SVO Recording and Playback for Prototyping in Touch Designer

Hey,
to test the ux i want to setup an easy environment for prototyping in touch designer.
this includes:

  • playback of “normal” video with objects and overlays
  • synced playback of object detection data

i have recorded svo files of the scenes i want to test.
if i play the svo videos and apply the object detection and generate visible overlays of the detection in the video the svo video varys in playback speed.

assumptions:
1- so i guess the svo-file-playback speed is the capture rate of the images saved in the SVO file. is that true?

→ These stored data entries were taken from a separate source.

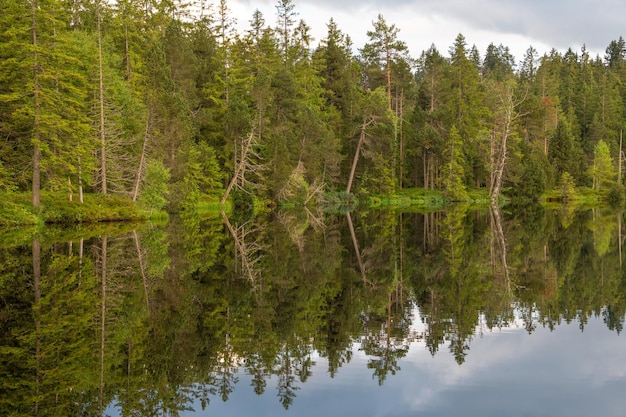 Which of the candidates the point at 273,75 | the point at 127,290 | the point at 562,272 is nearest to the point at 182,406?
the point at 127,290

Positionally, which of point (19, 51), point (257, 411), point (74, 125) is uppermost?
point (19, 51)

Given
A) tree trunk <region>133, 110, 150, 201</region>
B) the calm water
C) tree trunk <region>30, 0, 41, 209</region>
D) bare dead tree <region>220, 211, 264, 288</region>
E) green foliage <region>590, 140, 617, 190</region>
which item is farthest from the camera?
green foliage <region>590, 140, 617, 190</region>

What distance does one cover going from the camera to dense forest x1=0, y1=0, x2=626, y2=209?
3120 centimetres

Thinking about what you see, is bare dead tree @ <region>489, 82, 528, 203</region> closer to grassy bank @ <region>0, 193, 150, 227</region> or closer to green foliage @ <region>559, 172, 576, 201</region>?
green foliage @ <region>559, 172, 576, 201</region>

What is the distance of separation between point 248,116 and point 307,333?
4373 cm

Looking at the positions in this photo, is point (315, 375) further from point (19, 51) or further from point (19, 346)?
point (19, 51)

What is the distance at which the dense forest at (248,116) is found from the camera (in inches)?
1228

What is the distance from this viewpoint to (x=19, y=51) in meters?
29.3

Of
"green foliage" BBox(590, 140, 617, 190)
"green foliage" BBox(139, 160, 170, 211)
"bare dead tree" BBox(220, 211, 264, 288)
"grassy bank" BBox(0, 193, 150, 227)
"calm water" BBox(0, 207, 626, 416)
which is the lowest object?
"calm water" BBox(0, 207, 626, 416)

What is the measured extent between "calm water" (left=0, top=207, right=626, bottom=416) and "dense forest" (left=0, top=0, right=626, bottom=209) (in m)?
12.5

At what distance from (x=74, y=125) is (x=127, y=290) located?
787 inches

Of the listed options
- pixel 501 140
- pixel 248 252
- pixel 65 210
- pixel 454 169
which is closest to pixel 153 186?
pixel 65 210

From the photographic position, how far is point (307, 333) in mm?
10844

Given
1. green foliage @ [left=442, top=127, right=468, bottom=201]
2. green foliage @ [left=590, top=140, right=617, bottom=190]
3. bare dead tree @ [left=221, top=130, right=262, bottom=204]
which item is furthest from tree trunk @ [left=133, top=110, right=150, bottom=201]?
green foliage @ [left=590, top=140, right=617, bottom=190] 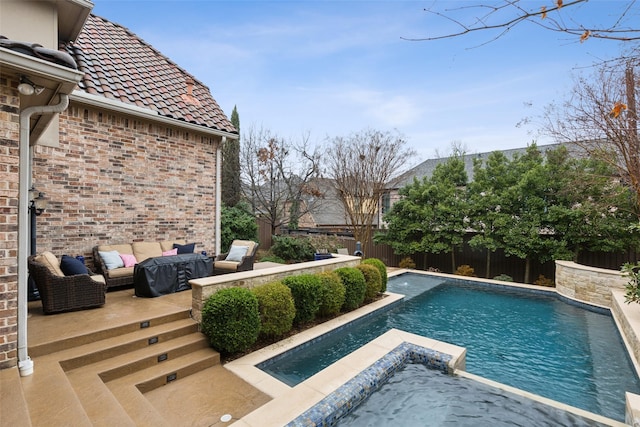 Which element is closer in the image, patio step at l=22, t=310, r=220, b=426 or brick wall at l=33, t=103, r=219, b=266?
patio step at l=22, t=310, r=220, b=426

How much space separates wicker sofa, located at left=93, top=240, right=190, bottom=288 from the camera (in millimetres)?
6605

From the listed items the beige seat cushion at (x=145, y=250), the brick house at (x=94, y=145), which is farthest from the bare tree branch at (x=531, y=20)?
the beige seat cushion at (x=145, y=250)

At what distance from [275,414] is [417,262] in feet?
42.9

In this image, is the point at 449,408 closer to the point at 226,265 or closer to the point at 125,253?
the point at 226,265

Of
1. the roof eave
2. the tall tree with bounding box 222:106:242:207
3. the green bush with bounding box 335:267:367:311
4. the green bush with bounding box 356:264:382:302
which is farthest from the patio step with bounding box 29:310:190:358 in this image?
the tall tree with bounding box 222:106:242:207

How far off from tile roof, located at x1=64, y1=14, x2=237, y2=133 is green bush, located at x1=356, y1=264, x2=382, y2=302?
562 centimetres

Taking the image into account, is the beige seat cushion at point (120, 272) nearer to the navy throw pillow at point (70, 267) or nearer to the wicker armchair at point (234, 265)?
the navy throw pillow at point (70, 267)

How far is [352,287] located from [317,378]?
11.9 feet

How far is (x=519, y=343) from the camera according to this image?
241 inches

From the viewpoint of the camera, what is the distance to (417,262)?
49.7ft

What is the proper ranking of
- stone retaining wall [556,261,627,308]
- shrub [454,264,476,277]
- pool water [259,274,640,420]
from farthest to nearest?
shrub [454,264,476,277] → stone retaining wall [556,261,627,308] → pool water [259,274,640,420]

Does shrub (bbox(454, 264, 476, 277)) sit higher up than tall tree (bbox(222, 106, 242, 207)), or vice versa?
tall tree (bbox(222, 106, 242, 207))

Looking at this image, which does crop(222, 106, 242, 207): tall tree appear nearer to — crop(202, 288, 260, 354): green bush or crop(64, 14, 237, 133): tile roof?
crop(64, 14, 237, 133): tile roof

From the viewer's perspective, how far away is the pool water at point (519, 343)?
181 inches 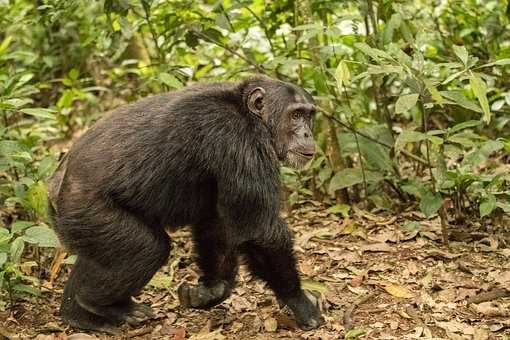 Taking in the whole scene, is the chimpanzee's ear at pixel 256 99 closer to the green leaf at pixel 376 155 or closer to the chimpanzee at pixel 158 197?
the chimpanzee at pixel 158 197

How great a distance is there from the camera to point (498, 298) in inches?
236

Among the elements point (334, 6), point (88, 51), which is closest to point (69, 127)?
point (88, 51)

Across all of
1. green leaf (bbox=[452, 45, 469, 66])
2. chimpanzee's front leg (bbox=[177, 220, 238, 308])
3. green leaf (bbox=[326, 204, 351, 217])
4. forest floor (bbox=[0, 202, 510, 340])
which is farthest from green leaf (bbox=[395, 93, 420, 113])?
green leaf (bbox=[326, 204, 351, 217])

2 - setting the flag svo_realtime_mode to true causes using images’ timestamps. but documentation says “Enabling this parameter will bring the SDK closer(?!) to a real simulation when playing back a file by using the images’ timestamps.” so closer is not really linear/constant playback speed right? what is closer?

what is important to me is, that the playback, either linear(constant frame interval) or warped(capture rate), runs along the data in touch designer.

another option i thought would be to save svo video timestamps in every OSC message. then have a playback logic in touchdesigner which runs along the OSC messages at Touchdesigner´s samplerate and jumps from frame to frame.
i would prefer to get “linear” data into touch designer though.

very curious about your answers ! :slight_smile:

Hey there @D300

1- so i guess the svo-file-playback speed is the capture rate of the images saved in the SVO file. is that true?

Not really, it should be the rate at which you call the grab method, if real time mode is not enabled.

2 - setting the flag svo_realtime_mode to true causes using images’ timestamps. but documentation says “Enabling this parameter will bring the SDK closer (?!) to a real simulation when playing back a file by using the images’ timestamps.” so closer is not really linear/constant playback speed right? what is closer?

Basically if when calling grab, the wall-clock timestamp is greater or equal to the timestamp of the next frame added to the wall-clock timestamp when starting the playback, the frame will immediately be returned.
If several frames are available (because the previous grab took too much time for example), the intermediary frames will be dropped.
If the timestamp is not reached yet, the grab will wait for the timestamp to be reached, with very short sleeps.

It should be very close to linear, though, pretty much as close as a live feed can get.